A verbatim copy of the lines from the one with "ศาลรธน. สั่งส่งเอกสารภายใน 15" through the final line below is required; print it and nothing else.

***** PROVIDED DATA

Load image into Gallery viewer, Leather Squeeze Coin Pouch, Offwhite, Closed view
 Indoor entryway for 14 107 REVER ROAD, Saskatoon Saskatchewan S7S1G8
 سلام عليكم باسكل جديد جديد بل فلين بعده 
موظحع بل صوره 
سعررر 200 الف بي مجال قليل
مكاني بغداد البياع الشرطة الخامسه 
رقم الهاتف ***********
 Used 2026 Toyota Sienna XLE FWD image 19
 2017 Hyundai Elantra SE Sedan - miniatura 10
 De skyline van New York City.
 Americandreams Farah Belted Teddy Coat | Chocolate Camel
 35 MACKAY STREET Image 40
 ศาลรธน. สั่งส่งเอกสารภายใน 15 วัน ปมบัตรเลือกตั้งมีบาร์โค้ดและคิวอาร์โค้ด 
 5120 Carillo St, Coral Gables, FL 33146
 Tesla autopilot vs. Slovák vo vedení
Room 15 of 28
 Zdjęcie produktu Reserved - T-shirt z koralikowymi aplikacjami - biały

**********

SOLUTION TO THIS PROBLEM ::
 ศาลรธน. สั่งส่งเอกสารภายใน 15 วัน ปมบัตรเลือกตั้งมีบาร์โค้ดและคิวอาร์โค้ด 
 5120 Carillo St, Coral Gables, FL 33146
 Tesla autopilot vs. Slovák vo vedení
Room 15 of 28
 Zdjęcie produktu Reserved - T-shirt z koralikowymi aplikacjami - biały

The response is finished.